Hi im currently in week 1 of my 6 week dbol cycle .

30mg ed.

I still want to have abs though and they seem to be slowly diminishing, not just from this cycle but from genereally trying to gain mass inthe last few months.

im just wondering if there is a way of keeping and getting back my abs whilst bulking lol.

Any ideas or help will be greatly appreciated


----------



## jordan_ (Mar 5, 2011)

ye i know thats what it looks like lol. may have to go on a cutting cycle after the dbol cycle hmmm.

How is it you see all the bodybuilders and big actors and people like that with big upperbodys but abs aswell?


----------



## jordan_ (Mar 5, 2011)

Is it not possible? I know the actors and people like that go on a bulk then a cut afterwards just in time for their films and comps and what ever. Is there no way to look pretty bulky on top but still have abs?


----------



## crazycal1 (Sep 21, 2005)

you need a leaner bulk.


----------



## jordan_ (Mar 5, 2011)

How do you get a leaner bulk?
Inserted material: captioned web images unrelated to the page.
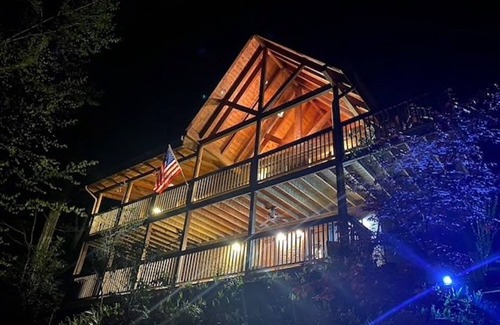 Lake Lure Cabin | Log Cabin on Lake/Mountains/Hot tub/Views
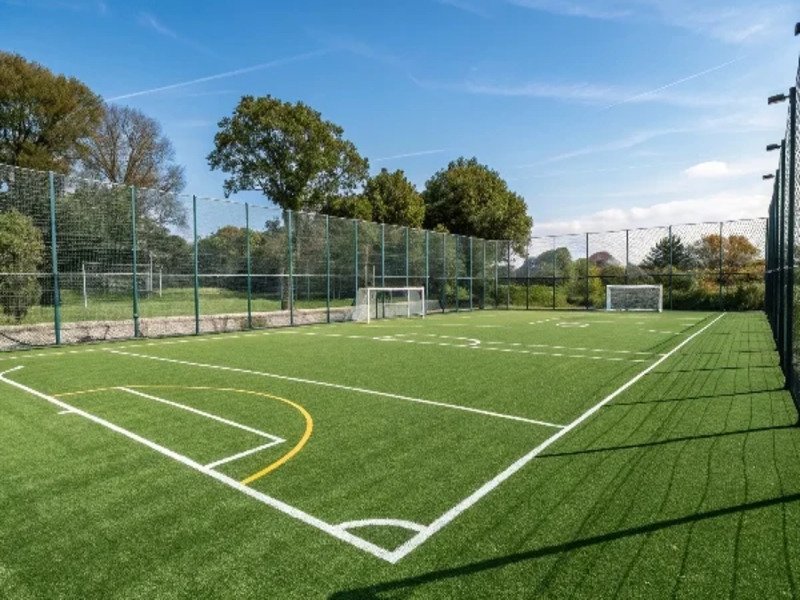 Futsal-Platz im Freien Kunstrasen[1]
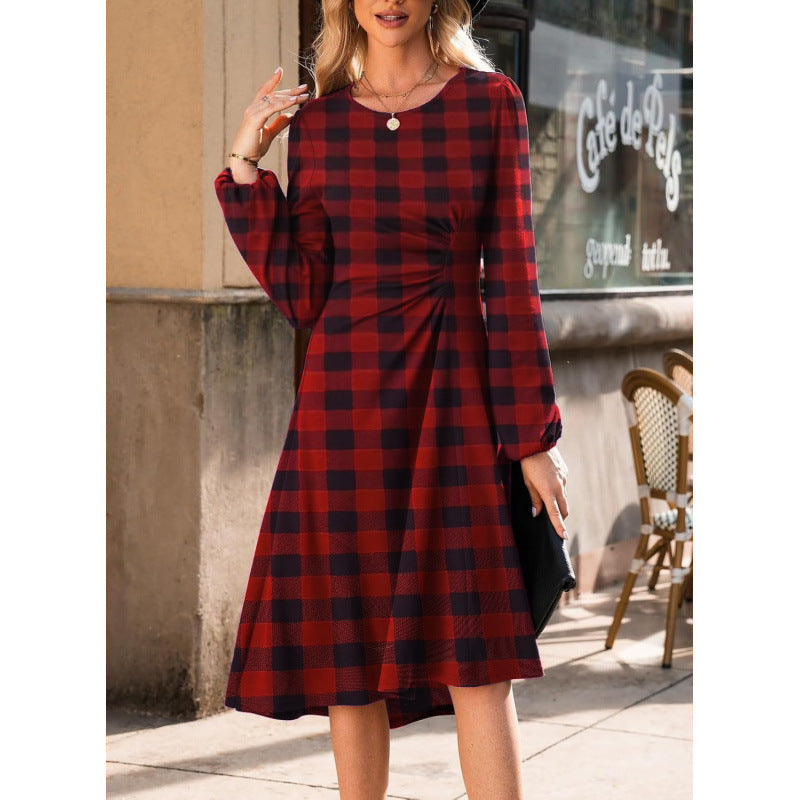 Damen Kleid mit langen Ärmeln und figurbetontem Schnitt | A&B - 8 - Annoboutique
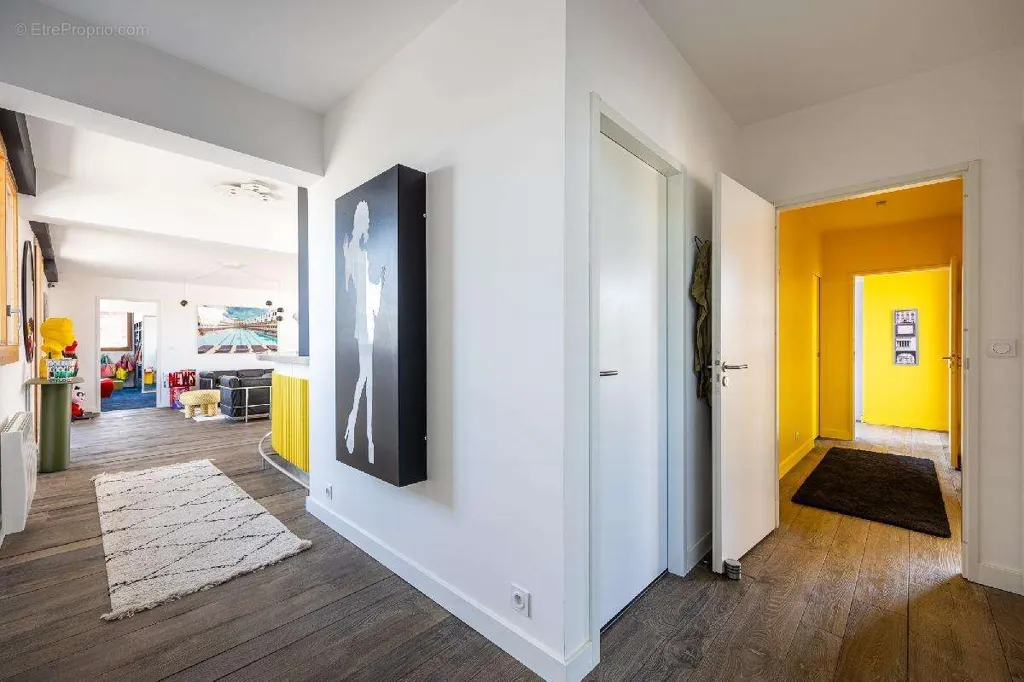 Hallway - Contemporary Penthouse with Terrace in Nantes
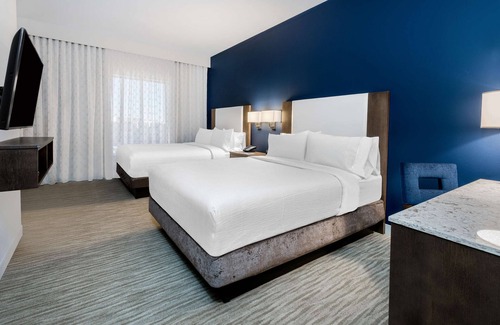 College Station Hotel | 2 Connecting Suites at a Hotel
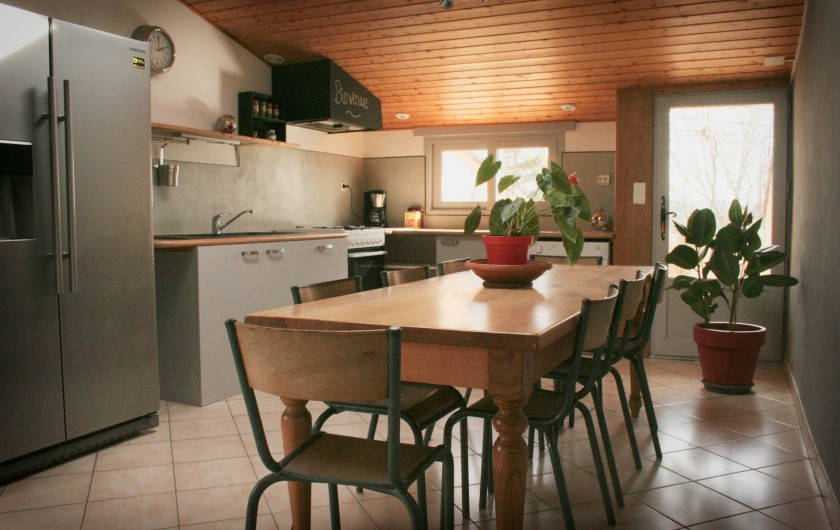 Location de vacances - Appartement à Puy-Saint-Martin - Cuisine équipée (gaz, four, lave vaisselle, congélateur ...).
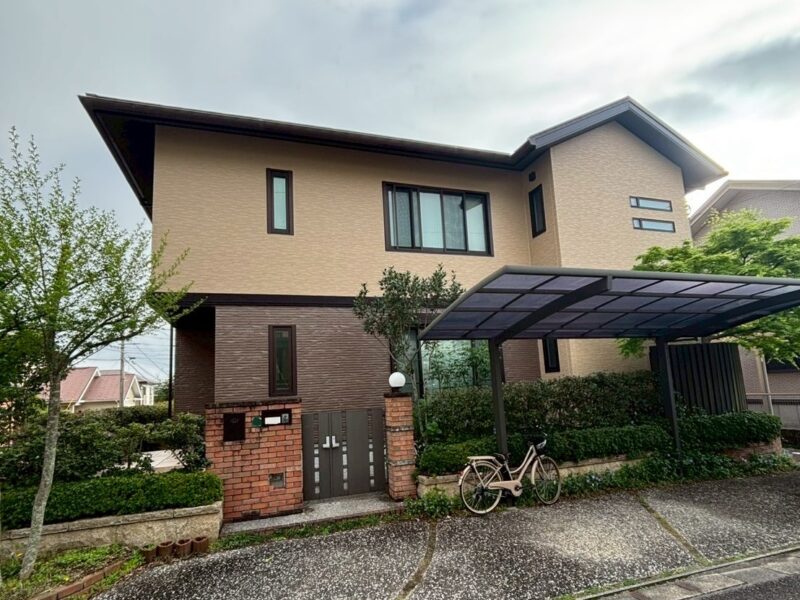福岡県福岡市東区香椎台のI様邸で外壁の継ぎ目や角のひび割れを補修し防水性を高める塗装工事を行いました。2026年4月10日完成です。【HPより】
What is it that I have to do differently?


----------



## ronnie cutler (Dec 29, 2009)

by keeping your diet clean while still increasing your calories

and the all important cardio work


----------



## crazycal1 (Sep 21, 2005)

you eat less carbs.

its not just about gaining weight its a bout gaining lean muscle tissues.

which is why wild claims about weight gained on cycles angers me...

yes lol angers!

you dont put on 7+lbs of muscle in 3 weeks and keep it.

you can put on a lil bit of muscle along with plenty of fat and water tho..


----------



## jordan_ (Mar 5, 2011)

Oki cal so instead of jacket potatoe rice and chicken for lunch what do you reccomend maybe cut potatoe out to help cut the carbs?

I defo need to do more cardio ron


----------



## crazycal1 (Sep 21, 2005)

start off with having half a spud...

you still need carbs you just wanna trim them..

oaty shakes are ideal for trimming carbs slowly


----------



## London1976 (Oct 16, 2009)

Its all bout keeping the bodyfat level down, just eat when your hungry like i do which is every 3 hrs. If you eat too much then its inevieatble you will gain fat.


----------